SONIC TRANSPORTS: THE RESIDENTS ESSAY, PART 6

George & James

American Madness

With Part Three of the Mole Trilogy still only a distant rumble, The Residents unleashed a new project: “The American Composer Series […] to be recorded during the final sixteen years of the 20th century (1984–2000). While each record will be released upon completion, the work, as a whole, will not be available until 2001 and will contain the works of not less than twenty composers.”[1] Volume I on this series is George & James – Gershwin and brown, respectively. The George side has an elaborate version of Rhapsody in Blue, along with covers of “I Got Rhythm” and “Summertime”; James, a reinvention of the 1962 Live at the Apollo album.
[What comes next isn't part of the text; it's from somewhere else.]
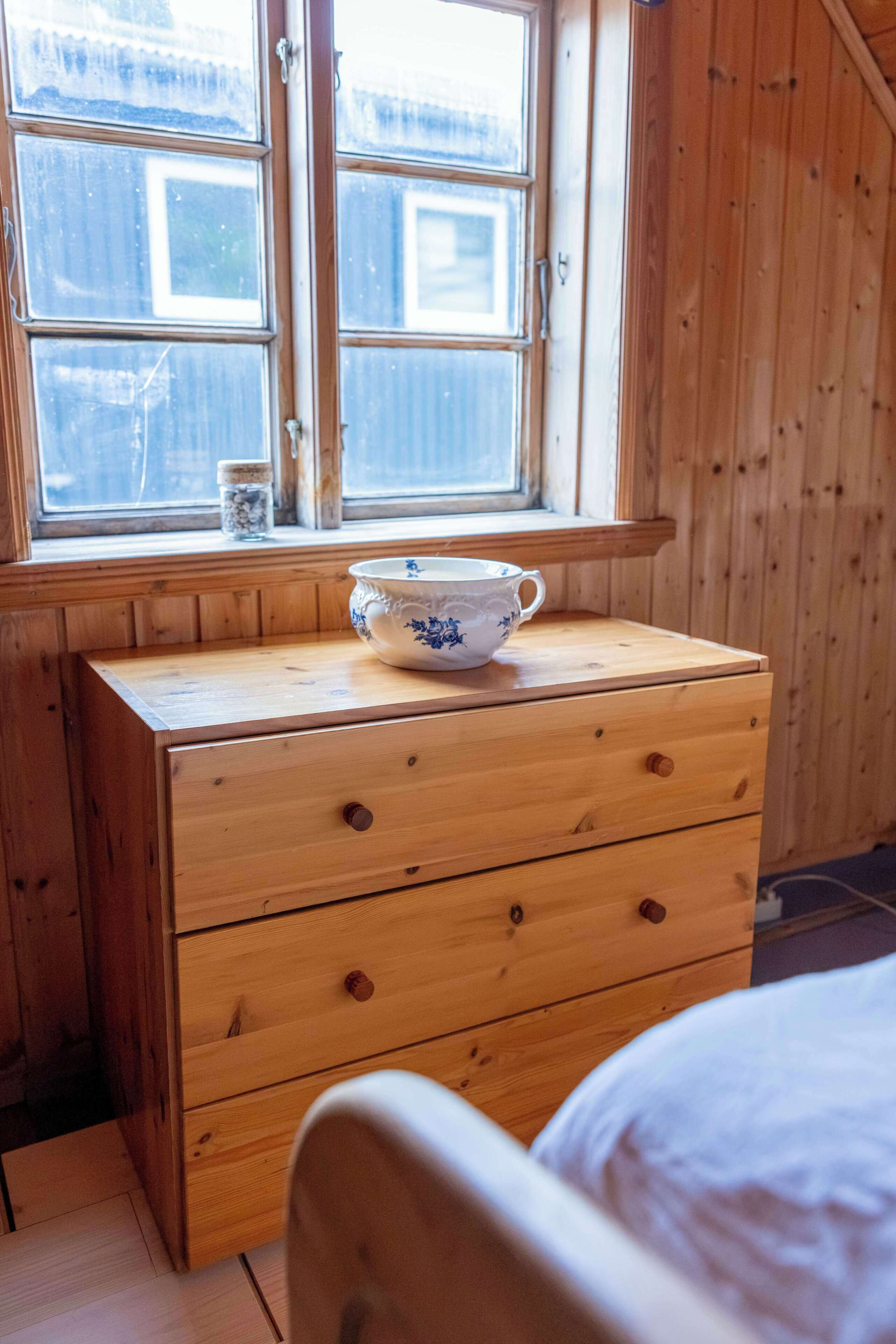 Un comò di legno con cassetti, una finestra che si affaccia su un paesaggio innevato e una ciotola sul comò.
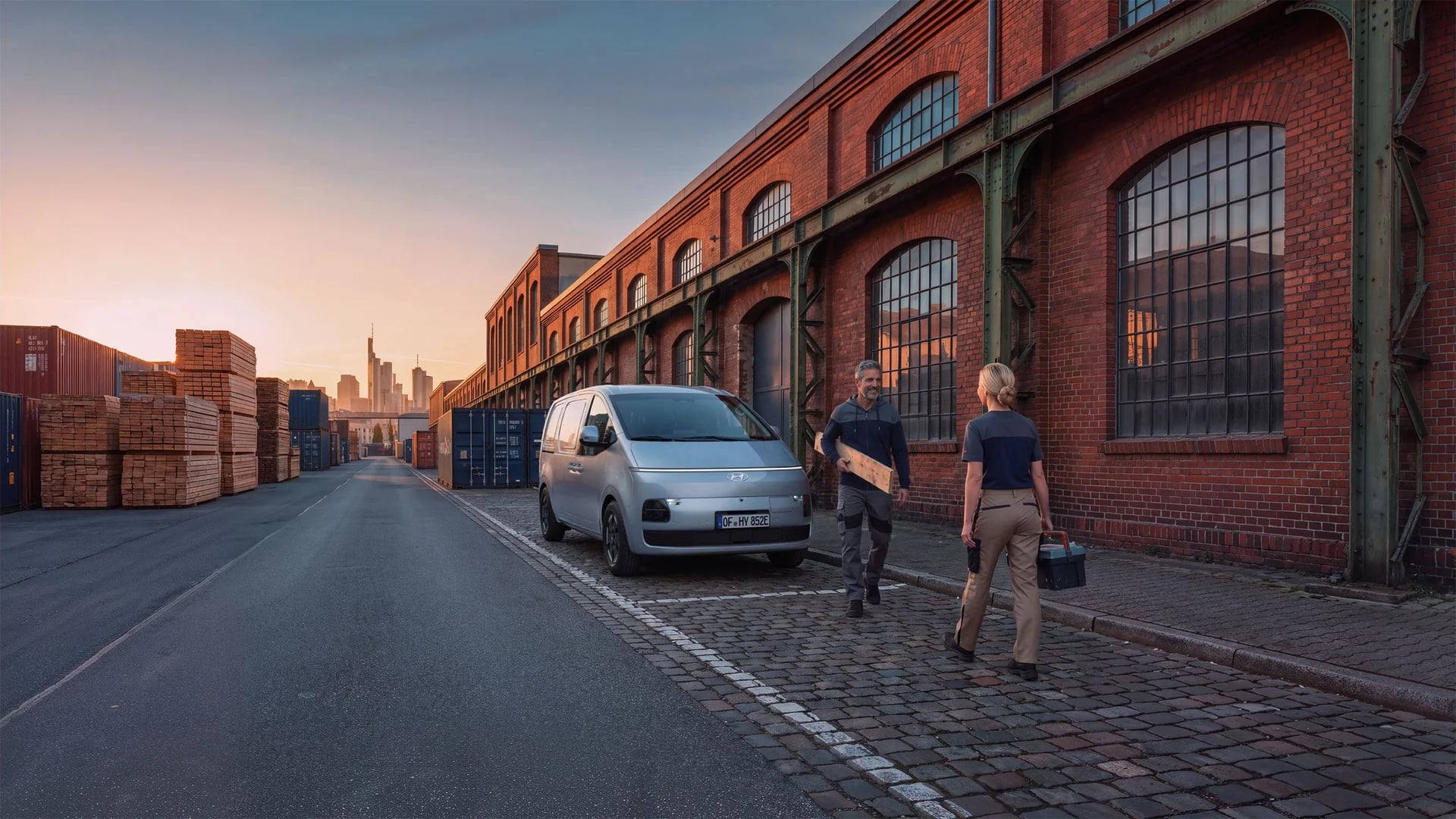 Hyundai STARIA Cargo parkerad utanför en tegelbyggnad, med två personer och arbetsutrustning bredvid bilen.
It isn’t like The Residents to publicly sign themselves up for a massive commitment like this. (It’ll be wild if they actually pull it off.) Ironically, though, my biggest problem with George & James is how much it is like The Residents; to me, the album sounds more like a retrenchment than an advance. It made a lot of sense for them to go all out creating an albumful of covers with The Third Reich ‘N Roll – but that was ten years ago. Their work has become richer, more complex and ramified: Five of the twelve cuts on The Tunes of Two Cities are covers, but the album isn’t about covering. Coming after Tunes, George & James – for all the virtuosity of its execution – seems surprisingly unambitious, a reworking of superficial aspects from their Chub (Rhapsody) and Mole (Apollo) musics.

Rustlers’ Rhapsody

But taken strictly on its own, George & James is pretty amazing. The Residents’ sense of humor is wilder than ever, and for George perhaps even more than James. They’ve never pulled a better practical joke than the siren that begins Rhapsody in Blue. (The klassic klarinet gesture just has to wriggle out of that wail as best it can.) Whenever I’ve introduced this album to friends, I’ve witnessed an inevitable chain of responses: They abruptly look to the window, startled over what emergency is going on out there are they dropping the big one?; then they shake their heads over the realization that North Louisiana’s phenomenal pop combo still can’t be taken for granted, not even after all these years. (I got hoaxed out the first time I heard it too.)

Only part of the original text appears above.